I Give Money To Charity
Oh puuuleease! You think giving millions of dollars to charity to help poor African children somehow makes up for destroying the entire continent with colonialism and imperialism? You think handing out a few crumbs to black Africans while white people still own all of the major companies throughout Africa and are still bleeding the continent dry, makes you a good person? Wake me up when all of Europe’s wealth is returned to Africa and Buckingham Palace is relocated to Nigeria, along with its new black princess, Meghan Markle!
I Work at an NGO
Awww, aren’t you adorable. You thought that sweating and laboring away in the Kenyan heat to help African children was going to absolve you of your guilt? Well, newsflash – you’re still racist, and what’s more you’re another white person demeaning Africans by thinking they need to be “helped”. Oh, let’s all praise the compassionate white heroes for helping some black children, and worship them like gods! Let’s just ignore the fact that their ancestors RUINED the whole of Africa, Haiti, the Caribbean and Black Wall Street! Go to hell!
I Like Reggae and Rap Music
Seriously? You thought your lame white ass was going to be excused cos you like black music? I’m not sure if you’ve noticed, but ALL of the major music awards are for people of color now, cos white people SUCK at music! It’s not because there’s a coordinated campaign to destroy and marginalize rock, country and metal – it’s that people of color are the true rock stars! Beethoven? Mozart? Bach? Get the fuck out of here! Jay Z is the Mozart of our era!
I Adopted a Black Baby
Oh wow, good for you. Are you going to read that baby The Adventures of Huckleberry Finn, an Enid Blyton Novel or another one of your racist white “classics”? Well done for raising another uncle Tom who is going to defend the white establishment and think of themselves as inferior! Seriously? You’re disgusting and evil human being!
I Protested With Black Lives Matter
Get to the back of the line honky! What the hell are you even doing there anyway – don’t you know you’re part of the problem? You’re the reason millions of African Americans are gunned down EVERY YEAR! You’re the reason Nelson Mandela was arrested for planting pipe bombs in schools and was served a prolonged sentence for refusing to denounce terrorism!

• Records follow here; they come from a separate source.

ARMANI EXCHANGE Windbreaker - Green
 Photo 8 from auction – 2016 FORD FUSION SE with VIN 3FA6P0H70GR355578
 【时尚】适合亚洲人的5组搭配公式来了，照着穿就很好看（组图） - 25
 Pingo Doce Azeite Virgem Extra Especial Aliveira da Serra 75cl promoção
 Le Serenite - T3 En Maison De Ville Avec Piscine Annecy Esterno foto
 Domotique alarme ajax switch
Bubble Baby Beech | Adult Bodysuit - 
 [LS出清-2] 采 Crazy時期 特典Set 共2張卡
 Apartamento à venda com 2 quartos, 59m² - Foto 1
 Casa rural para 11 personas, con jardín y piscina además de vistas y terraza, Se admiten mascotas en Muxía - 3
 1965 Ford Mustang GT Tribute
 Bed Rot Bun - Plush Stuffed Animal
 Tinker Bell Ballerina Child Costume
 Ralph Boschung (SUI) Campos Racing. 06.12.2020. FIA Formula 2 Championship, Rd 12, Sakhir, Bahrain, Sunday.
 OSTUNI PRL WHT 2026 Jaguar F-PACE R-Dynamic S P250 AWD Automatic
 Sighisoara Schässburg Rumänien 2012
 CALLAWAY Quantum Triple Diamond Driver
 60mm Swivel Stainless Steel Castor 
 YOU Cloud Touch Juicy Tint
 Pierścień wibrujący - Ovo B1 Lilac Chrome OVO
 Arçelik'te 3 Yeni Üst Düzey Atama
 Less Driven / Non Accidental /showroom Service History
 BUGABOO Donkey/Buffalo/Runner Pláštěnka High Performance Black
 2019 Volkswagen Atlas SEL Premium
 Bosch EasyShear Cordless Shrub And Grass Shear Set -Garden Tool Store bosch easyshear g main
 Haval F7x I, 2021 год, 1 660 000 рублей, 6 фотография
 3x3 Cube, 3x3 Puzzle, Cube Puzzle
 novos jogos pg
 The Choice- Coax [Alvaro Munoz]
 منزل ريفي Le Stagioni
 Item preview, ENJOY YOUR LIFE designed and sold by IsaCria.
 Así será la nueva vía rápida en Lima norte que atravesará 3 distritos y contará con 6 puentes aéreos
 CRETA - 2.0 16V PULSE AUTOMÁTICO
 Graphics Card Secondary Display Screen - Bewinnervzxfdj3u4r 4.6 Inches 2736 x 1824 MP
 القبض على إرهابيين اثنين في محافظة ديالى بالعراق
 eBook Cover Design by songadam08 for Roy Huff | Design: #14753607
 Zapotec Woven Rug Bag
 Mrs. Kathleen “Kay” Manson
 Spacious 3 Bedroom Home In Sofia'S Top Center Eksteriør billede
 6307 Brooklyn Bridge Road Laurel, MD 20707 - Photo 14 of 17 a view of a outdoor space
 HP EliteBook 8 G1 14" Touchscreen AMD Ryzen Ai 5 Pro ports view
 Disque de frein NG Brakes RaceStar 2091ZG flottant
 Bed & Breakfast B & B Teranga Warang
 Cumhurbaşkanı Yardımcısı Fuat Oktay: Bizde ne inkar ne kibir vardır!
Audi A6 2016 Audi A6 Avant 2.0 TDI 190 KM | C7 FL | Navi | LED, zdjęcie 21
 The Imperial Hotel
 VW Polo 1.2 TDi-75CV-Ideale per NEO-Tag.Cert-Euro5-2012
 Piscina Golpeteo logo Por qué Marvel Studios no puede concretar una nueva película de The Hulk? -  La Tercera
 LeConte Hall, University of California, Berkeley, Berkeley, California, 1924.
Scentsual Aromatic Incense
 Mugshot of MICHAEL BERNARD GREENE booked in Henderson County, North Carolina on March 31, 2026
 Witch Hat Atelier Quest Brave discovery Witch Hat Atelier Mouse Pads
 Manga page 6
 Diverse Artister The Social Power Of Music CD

I Run a Church Program to Help African American Youths
Oh lord, will somebody please just brutally murder all of these do-gooder white American Christians like they did in the Kingsman movie? You’re a fucking BIGOT ok? You think you can just take black children out of their communities and imply that white people do a better job raising them than their parents? You think you can feed African American children your snake oil and indoctrinate the next generation of people of color? Nice try, but it’s not going to work.
I Have Dreadlocks
Two words – CULTURAL APPROPRIATION! Dreadlocks were freakin’ INVENTED by black people, not the Greeks as some people claim, but by BLACK PEOPLE. That’s THEIR INVENTION, and and THEIR CULTURE! You can’t just steal someone’s inventions and culture like that! Oh, now you want to claim that literally all modern inventions of significant value were invented by white males? Or that a suit and tie is white culture? Well, you don’t even know what you’re talking about. Those things were invented by people of color too, you just didn’t hear about it in your RACIST Eurocentic history books!
I Have a Black Girlfriend or Boyfriend
Are you actually serious right now? Did you really think you were going to be accepted into black culture because you’re dating an Uncle Tom or Aunt Jemima? You’re racist – just accept it and shut the fuck up! ALL WHITE PEOPLE ARE FUCKING RACIST!!!